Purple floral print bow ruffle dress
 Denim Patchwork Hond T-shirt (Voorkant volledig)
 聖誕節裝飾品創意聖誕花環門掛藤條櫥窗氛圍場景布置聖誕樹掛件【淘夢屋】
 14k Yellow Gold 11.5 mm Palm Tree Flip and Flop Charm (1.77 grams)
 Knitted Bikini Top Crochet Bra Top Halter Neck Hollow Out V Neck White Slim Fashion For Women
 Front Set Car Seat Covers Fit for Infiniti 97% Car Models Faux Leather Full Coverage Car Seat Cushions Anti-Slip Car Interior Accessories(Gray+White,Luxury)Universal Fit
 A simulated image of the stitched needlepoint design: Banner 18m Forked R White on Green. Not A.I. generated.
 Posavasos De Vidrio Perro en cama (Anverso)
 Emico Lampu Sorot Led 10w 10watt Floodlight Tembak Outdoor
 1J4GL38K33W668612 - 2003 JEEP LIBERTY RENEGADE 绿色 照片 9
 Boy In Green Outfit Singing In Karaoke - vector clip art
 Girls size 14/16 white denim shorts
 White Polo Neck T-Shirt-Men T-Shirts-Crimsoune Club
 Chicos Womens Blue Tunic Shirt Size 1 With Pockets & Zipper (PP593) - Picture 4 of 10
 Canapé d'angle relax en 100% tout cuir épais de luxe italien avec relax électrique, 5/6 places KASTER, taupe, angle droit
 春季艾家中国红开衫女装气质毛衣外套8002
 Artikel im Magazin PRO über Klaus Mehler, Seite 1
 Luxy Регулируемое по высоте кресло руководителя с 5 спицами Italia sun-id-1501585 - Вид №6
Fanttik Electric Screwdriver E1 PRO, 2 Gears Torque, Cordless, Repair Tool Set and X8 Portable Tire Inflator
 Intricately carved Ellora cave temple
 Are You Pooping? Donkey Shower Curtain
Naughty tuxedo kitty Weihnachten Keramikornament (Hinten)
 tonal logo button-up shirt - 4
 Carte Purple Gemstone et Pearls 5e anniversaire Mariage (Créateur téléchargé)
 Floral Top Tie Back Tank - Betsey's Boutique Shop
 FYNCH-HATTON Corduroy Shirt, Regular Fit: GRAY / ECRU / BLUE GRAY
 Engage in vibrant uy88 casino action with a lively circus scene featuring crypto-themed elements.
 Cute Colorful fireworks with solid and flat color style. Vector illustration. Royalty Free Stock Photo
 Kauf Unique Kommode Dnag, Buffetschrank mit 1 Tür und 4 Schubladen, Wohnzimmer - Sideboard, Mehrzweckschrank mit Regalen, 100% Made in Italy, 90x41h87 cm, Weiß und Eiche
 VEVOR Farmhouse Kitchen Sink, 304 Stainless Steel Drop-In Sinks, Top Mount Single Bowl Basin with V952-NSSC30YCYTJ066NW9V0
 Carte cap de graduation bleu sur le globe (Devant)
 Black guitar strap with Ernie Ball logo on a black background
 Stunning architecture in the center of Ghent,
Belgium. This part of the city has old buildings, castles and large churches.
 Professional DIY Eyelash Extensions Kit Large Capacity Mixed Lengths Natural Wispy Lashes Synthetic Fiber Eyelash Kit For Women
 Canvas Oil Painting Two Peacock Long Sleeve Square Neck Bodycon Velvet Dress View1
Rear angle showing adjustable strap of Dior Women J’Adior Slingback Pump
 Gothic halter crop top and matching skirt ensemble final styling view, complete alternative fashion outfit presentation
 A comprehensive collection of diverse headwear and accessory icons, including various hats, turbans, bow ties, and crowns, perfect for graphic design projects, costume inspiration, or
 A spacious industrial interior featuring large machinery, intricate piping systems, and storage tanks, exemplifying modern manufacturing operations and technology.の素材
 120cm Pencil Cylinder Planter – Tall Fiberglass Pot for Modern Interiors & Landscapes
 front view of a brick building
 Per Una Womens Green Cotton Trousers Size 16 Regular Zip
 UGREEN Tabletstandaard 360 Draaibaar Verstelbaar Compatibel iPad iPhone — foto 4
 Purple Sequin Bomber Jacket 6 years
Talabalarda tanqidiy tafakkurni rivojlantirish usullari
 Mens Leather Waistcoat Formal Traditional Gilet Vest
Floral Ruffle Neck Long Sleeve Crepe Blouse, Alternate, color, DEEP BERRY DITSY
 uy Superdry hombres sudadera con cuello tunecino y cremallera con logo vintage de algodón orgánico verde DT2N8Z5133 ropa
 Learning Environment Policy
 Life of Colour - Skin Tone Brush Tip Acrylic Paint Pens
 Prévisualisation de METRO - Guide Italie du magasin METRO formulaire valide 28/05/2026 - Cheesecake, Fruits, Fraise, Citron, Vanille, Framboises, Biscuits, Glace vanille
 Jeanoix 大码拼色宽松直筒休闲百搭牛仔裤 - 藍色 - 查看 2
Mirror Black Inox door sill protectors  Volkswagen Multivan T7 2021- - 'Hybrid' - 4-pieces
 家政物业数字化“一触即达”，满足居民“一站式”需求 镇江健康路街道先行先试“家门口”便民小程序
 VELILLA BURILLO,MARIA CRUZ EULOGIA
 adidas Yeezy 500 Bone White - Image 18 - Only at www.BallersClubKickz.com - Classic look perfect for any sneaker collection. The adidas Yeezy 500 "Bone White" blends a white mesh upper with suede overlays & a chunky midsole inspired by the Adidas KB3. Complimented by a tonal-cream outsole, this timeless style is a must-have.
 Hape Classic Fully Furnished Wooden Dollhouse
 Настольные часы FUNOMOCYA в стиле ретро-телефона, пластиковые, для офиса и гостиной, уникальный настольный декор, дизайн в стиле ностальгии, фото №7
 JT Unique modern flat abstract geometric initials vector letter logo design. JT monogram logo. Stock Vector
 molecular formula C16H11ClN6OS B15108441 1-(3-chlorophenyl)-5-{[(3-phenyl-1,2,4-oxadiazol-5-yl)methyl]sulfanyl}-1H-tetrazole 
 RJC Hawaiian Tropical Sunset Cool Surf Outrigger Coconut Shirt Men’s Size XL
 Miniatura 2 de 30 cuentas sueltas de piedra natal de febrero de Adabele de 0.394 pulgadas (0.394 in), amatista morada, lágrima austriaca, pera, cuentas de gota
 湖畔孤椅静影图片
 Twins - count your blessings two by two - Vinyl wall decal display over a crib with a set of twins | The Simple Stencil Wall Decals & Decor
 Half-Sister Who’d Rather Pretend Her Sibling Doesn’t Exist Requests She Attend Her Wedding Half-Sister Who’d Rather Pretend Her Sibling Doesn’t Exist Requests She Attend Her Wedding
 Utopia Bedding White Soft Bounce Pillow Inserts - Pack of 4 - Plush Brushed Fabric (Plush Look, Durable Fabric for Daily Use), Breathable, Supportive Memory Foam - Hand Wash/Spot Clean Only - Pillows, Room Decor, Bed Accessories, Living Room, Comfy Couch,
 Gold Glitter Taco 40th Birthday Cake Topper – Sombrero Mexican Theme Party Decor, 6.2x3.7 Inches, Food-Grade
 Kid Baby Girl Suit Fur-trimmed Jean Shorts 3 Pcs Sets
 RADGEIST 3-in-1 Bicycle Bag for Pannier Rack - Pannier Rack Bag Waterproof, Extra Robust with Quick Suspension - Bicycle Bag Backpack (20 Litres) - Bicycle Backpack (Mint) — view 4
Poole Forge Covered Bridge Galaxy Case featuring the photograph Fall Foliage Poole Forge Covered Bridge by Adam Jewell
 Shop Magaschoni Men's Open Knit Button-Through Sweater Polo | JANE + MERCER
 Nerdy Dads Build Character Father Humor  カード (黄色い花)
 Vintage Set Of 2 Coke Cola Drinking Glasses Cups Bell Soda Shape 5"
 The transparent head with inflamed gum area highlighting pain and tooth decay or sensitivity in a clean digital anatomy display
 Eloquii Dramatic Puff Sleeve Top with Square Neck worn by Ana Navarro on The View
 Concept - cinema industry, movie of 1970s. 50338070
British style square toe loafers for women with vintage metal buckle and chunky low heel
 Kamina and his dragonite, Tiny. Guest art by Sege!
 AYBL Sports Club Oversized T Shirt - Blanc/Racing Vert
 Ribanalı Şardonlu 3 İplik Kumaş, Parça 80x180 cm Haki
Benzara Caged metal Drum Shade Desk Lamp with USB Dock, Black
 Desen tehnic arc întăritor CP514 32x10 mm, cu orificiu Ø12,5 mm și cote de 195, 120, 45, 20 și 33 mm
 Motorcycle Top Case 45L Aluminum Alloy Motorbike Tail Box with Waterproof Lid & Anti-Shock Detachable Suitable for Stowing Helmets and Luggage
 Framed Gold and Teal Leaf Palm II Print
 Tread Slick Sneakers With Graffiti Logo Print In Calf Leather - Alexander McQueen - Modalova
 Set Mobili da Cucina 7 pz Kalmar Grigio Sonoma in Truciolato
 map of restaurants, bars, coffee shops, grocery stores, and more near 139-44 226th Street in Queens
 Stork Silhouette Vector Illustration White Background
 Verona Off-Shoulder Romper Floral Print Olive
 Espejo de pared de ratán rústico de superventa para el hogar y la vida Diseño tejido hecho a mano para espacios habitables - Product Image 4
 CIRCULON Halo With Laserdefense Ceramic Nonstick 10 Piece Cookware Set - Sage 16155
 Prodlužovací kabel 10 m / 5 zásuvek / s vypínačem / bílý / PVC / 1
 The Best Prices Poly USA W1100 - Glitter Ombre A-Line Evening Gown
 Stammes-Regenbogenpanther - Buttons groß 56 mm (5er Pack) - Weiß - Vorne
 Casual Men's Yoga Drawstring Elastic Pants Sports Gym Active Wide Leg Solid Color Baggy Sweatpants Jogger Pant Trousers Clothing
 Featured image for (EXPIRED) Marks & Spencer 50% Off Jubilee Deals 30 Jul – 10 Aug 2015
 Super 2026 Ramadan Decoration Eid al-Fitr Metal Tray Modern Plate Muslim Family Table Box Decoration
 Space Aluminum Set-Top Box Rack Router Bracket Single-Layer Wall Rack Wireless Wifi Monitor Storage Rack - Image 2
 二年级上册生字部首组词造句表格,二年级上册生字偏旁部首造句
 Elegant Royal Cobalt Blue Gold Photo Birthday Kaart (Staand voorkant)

> _PROBLEM TO SOLVE_:
Among the lines of these entries, find those that contain "Wall". Give their number and nothing else.

> _ANSWER BOX_:
2